«Quelle vignette satiriche non gli rendono giustizia»

«Quelle vignette satiriche non gli rendono giustizia»

Questo di Anita Ginella Capini, (Gabriele D’Annunzio il «Genovese» De Ferrari, Genova), è un libro che si legge con interesse. Anche se la foggia grafica non è delle migliori, l’impegno della ricerca è positivo. E il suo contenuto ha una sua originalità. Si tratta di una cronaca - non nota - di fatti e di personaggi che hanno coinvolto o impegnato D’Annunzio a Genova e con altri luoghi della Liguria, da Levante a Ponente. E all’infuori della commemorazione che il poeta fece, il 5 maggio 1915 a Quarto dei Mille, inneggiando a quella partenza, io, dei rapporti di D’Annunzio con Genova, non conoscevo altro. Ragione in più di attribuire al libro novità soddisfacenti.
Poi, oggi, nominare D’Annunzio è una impresa culturale del tutto rara. È un protagonista, della nostra storia della Letteratura del ’900, di cui difficilmente si sente parlare. Come, d’altronde, è altrettanto arduo scoprire che il qualche cartellone di Teatro venga programmato, dal suo repertorio copioso, un suo lavoro.
E pensare - tra l’altro - che D’Annunzio compose per l’attrice Eleonora Duse (che fu anche la sua amante) più di un’opera drammatica. Oggi, a chi potrebbero importare aspetti del genere?
Il libro - si diceva - è una disamina di personaggi «genovesi» (giornalisti di quotidiani cittadini, finanzieri, politici, aristocratici, gente comune, ecc.) che per motivi diversi hanno avuto rapporti con il «vate». E, a volte, si scopre che tali incontri avvenivano programmati o accadevano per puro caso. E tutti rimanevano affascinati dal suo comportamento.
A mio parere avere corredato il testo con figure e figurine disegnate in modo satirico - anche se penso si sia voluto impreziosirlo - ritengo sia stata una scelta non del tutto azzeccata. Si è ottenuto un risultato visivo riduttivo per lo stesso D’Annunzio e al tempo stesso incombe il rischio di svalorizzare l’intero contenuto del libro. Nella maniera, un lettore non troppo allenato di letteratura potrebbe avere di D’Annunzio una visione riduttiva. E la curiosità è che le figure, che avrebbero dovuto giocare da stimolo, al contrario avviliscono. Bisognerebbe fare maggiormente uso di sensibilità critica e non applicare ad un libro le tecniche usate dai rotocalchi. Inoltre, quando si mescolano le due tecniche, ne consegue, pur non volendolo, un ibrido.
Con probabilità ci siamo sbarazzati di D’Annunzio con troppa fretta.
Nonostante quello che di lui si dice, D’Annunzio occupa, nella storia della letteratura, nella storia politica e militare del nostro ’900, un posto di primo piano. Il suo modo di vivere eccentrico non deve fare dimenticare ciò che fece di positivo. Senza dubbio la sua è stata una esistenza vissuta in modo epico, eroica, ma anche violenta. Pure grottesca e pure meschina. Anche la sua produzione di scrittore (romanzi, drammi, poesie, ecc.) colma di emotività, è degna d’essere studiata tutt’ora.
D’Annunzio visse di estetica.
Tutto il suo vissuto è stato improntato dalla forma, dall’atto, dal gesto, dalla dizione ricercata, un po’ arcaica, ma con consapevolezza. Si sbaglia a non attribuirgli valori letterari e capacità politiche.

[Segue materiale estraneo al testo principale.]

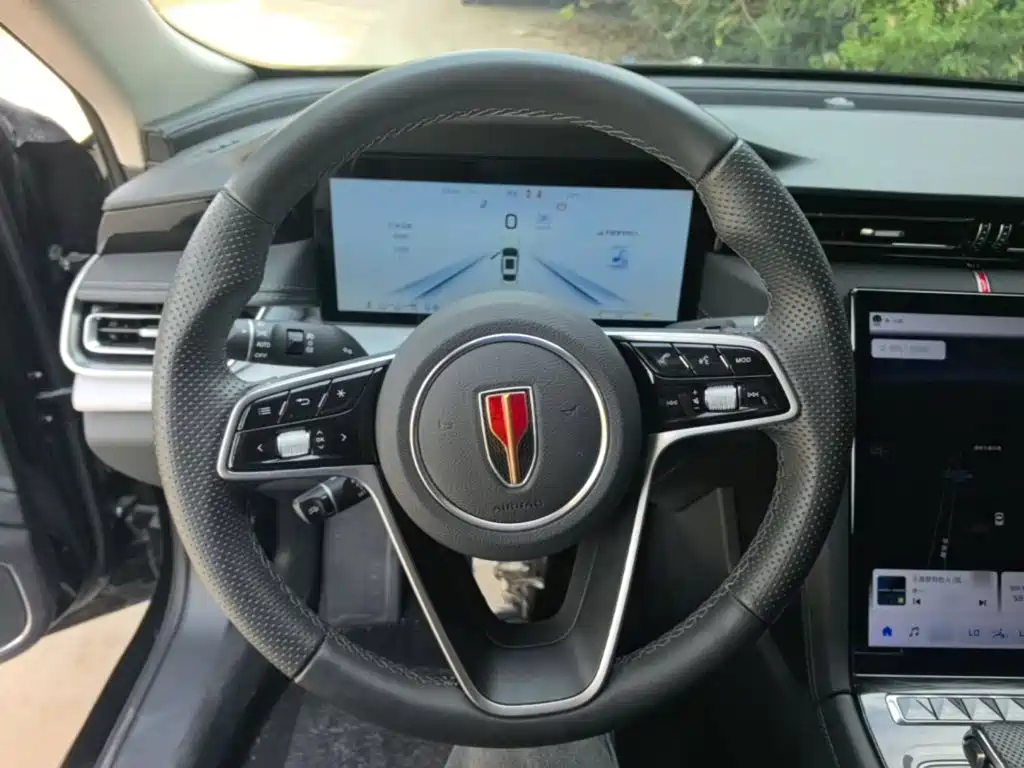 Hongqi Hongqi H5 — миниатюра 11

E queste ultime sono state, forse, ben superiori a quelle di Mussolini, il quale, non a caso, lo temeva. Infatti, si prodigò affinché il «poeta eroico» rimanesse esiliato nella «prigione dorata» del Vittoriale sul Garda. E purché non si intromettesse, gli venne pagato, sino alla fine, e fu cospicuo, ogni debito.